Strauss originally picked up the story of international students who are taking advantage of technology and paying for questions and answers in advance of scheduled SAT exams. Along with Bob Schaeffer, of FairTest, Strauss gathered increasing evidence that this isn’t a one-time occurrence. It’s systemic and pervasive.
And the College Board is doing little to nothing about it.
In fact, they already know that there will be cheating on this Saturday’s exam.
“Earlier this week, FairTest received a link to what purports to be the test form that will be used this Saturday in China and South Korea,” said Schaeffer. “It appears to be a recycled copy of a June, 2014 SAT given in the U.S.”
But there are lots of hands in this particular pot. Even College Confidential is being used as a conduit for test questions.
“We got a recycled test, BTW. US March 2014,” says one poster. And from this basic information test prep professionals or particularly savvy students build a Google Doc in which they can compile all questions and answers. All they need to know is when this test will be recycled by the College Board for international test sites.
It so happens that June 2014 may be the test for Asia on Saturday.
But as of this writing, the College Board has neither responded nor cancelled the administration of Saturday’s test.
Note that the cheating doesn’t end there. Strauss reported last October that testers are paid to take the SAT in the earliest time zone for the international, and using phones, are able to send out copies of the tests with answers and essay already completed.
There’s no reason to believe that the same thing won’t happen on Saturday. And no one seems to be batting an eyelid.
In fact, it seems that there are those within the college admissions industry who actually benefit from the cheating.
Instead of demanding action on the part of the College Board to remove even the smallest hint of corruption, colleges appear to be looking the other way and admitting increasing numbers of students from countries where the cheating takes place.
It seems that the lure of high scores together with the willingness to forgo financial aid and pay full freight makes these students highly sought after.
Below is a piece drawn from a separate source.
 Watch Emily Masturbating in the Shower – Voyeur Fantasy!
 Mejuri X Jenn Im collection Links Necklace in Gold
In fact, colleges are spending huge dollars to send admissions staff across the world to recruit them.
Note that not everyone in China and Korea cheats. And those that don’t are finding the situation increasingly untenable. Bob Schaeffer has received “very moving emails” from high school students in China who are also competing with cheaters.
But the bottom line is that our kids and others are competing for admissions to universities consumed with the competition for ever-higher SAT scores to publish and use in rankings. High scores and full tuition—what more could the average admissions office want? Students with character?
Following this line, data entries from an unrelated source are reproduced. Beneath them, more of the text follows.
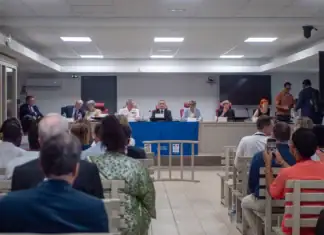 Darmanin reçu au tribunal judiciaire de Mamoudzou Darmanin reçu au tribunal judiciaire de Mamoudzou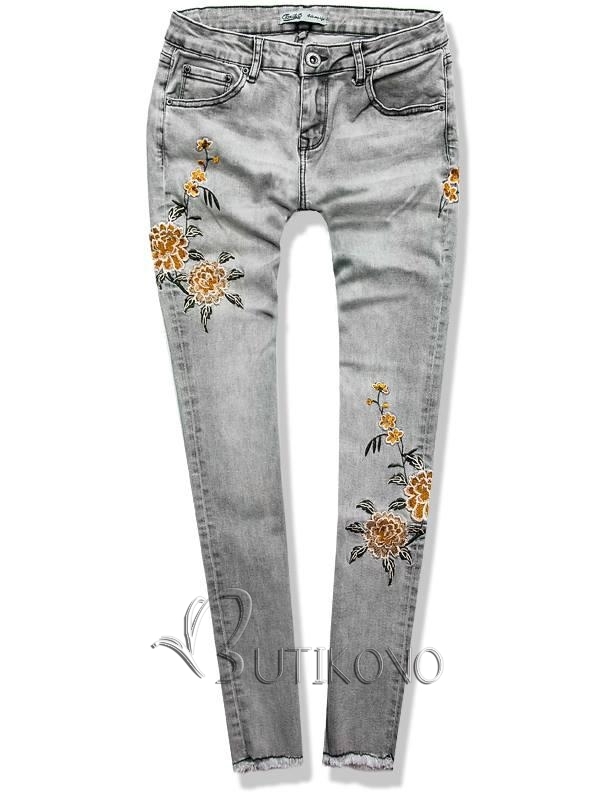 Jeans kalhoty 0121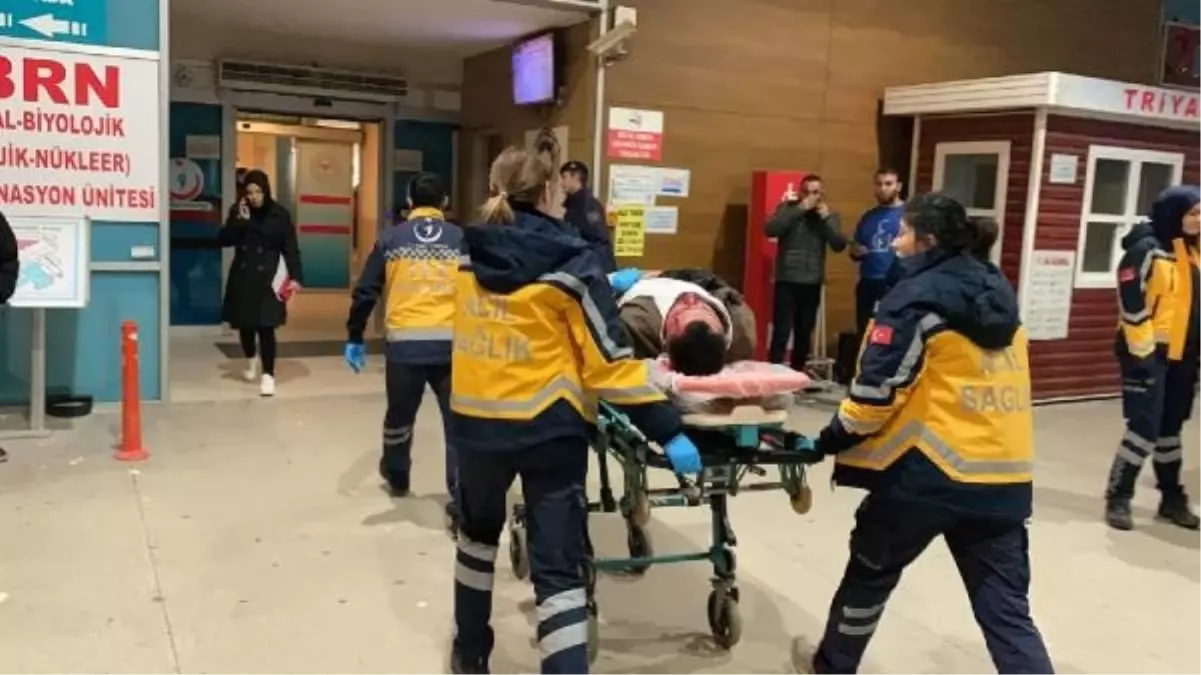 İnegöl'de motosiklet kazası: Sürücü ağır yaralandı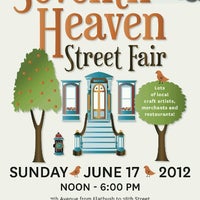 Photo taken at Seventh Heaven Street Fair by shannon m. on 6/17/2012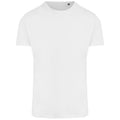 Arctic White - Front - Awdis Mens Ecologie Ambaro Recycled T-Shirt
So what can be done? The College Board could use brand new tests for the international market and/or use different tests at different test sites. Tighter basic security would also seriously compromise efforts to cheat.
Or colleges could simply require the ACT, which so far hasn’t been tainted with large-scale allegations of cheating—here or abroad.
At least this would make the international cheaters scramble as the ACT isn’t very popular in other countries—maybe because it’s harder to manipulate.
But a message needs to go out to the College Board hopefully supported by the colleges that continue to recruit and admit a large number of students from countries where cheating takes place: Cheating on the SAT must end and if it isn't brought under control, we will take our business elsewhere.
In other words, until the problem is fixed, students might consider boycotting the SAT® Reasoning Test in favor of the ACT. Colleges might also consider de-emphasizing the role of the SAT in admissions or maybe even take the plunge and go test-optional.
And with some of the changes the College Board has in mind for next year, this may not be such a bad idea.